### EXERCISE GOAL
After finding the line containing "Ornamento étnico circular" below, please output that line and each following one through the line containing "BioOptimal Collagen Peptides", exactly as written.

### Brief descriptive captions
::::::::

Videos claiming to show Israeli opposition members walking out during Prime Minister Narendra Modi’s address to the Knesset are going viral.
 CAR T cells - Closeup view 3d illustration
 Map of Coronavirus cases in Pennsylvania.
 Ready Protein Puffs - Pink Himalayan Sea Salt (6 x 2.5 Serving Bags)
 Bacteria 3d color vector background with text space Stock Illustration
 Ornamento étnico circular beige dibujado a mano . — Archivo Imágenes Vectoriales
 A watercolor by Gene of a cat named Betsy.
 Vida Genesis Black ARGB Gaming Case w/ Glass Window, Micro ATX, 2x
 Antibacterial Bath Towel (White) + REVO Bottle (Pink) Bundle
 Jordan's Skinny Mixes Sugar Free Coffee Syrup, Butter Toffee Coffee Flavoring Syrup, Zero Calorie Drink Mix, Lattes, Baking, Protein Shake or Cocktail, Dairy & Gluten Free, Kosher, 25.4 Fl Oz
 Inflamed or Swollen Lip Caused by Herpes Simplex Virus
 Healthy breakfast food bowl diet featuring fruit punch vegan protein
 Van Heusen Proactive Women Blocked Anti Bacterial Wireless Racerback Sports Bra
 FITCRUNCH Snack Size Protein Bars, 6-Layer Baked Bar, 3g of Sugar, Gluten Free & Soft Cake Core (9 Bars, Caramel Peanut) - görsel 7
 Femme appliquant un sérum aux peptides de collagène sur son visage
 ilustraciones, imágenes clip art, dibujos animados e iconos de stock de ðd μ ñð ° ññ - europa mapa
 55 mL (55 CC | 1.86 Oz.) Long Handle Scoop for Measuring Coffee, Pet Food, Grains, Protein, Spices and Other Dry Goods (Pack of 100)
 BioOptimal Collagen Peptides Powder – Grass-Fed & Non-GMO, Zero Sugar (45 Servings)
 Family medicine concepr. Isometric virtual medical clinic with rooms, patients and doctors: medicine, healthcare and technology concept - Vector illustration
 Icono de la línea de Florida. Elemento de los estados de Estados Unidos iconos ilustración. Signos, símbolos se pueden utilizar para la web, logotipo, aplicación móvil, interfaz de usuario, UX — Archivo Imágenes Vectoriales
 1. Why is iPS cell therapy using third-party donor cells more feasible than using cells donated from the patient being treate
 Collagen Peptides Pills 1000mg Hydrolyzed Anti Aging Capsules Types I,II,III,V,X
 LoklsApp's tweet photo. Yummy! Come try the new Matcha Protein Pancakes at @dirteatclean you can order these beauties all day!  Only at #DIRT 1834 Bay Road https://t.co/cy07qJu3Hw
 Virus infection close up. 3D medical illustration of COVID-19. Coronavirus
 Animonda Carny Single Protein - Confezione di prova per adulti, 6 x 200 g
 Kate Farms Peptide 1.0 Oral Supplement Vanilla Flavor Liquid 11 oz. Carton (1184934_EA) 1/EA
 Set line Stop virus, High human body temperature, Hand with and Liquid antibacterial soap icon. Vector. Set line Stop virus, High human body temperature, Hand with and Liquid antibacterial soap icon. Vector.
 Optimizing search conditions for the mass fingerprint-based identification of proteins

::::::::

### COMPLETED EXERCISE
 Ornamento étnico circular beige dibujado a mano . — Archivo Imágenes Vectoriales
 A watercolor by Gene of a cat named Betsy.
 Vida Genesis Black ARGB Gaming Case w/ Glass Window, Micro ATX, 2x
 Antibacterial Bath Towel (White) + REVO Bottle (Pink) Bundle
 Jordan's Skinny Mixes Sugar Free Coffee Syrup, Butter Toffee Coffee Flavoring Syrup, Zero Calorie Drink Mix, Lattes, Baking, Protein Shake or Cocktail, Dairy & Gluten Free, Kosher, 25.4 Fl Oz
 Inflamed or Swollen Lip Caused by Herpes Simplex Virus
 Healthy breakfast food bowl diet featuring fruit punch vegan protein
 Van Heusen Proactive Women Blocked Anti Bacterial Wireless Racerback Sports Bra
 FITCRUNCH Snack Size Protein Bars, 6-Layer Baked Bar, 3g of Sugar, Gluten Free & Soft Cake Core (9 Bars, Caramel Peanut) - görsel 7
 Femme appliquant un sérum aux peptides de collagène sur son visage
 ilustraciones, imágenes clip art, dibujos animados e iconos de stock de ðd μ ñð ° ññ - europa mapa
 55 mL (55 CC | 1.86 Oz.) Long Handle Scoop for Measuring Coffee, Pet Food, Grains, Protein, Spices and Other Dry Goods (Pack of 100)
 BioOptimal Collagen Peptides Powder – Grass-Fed & Non-GMO, Zero Sugar (45 Servings)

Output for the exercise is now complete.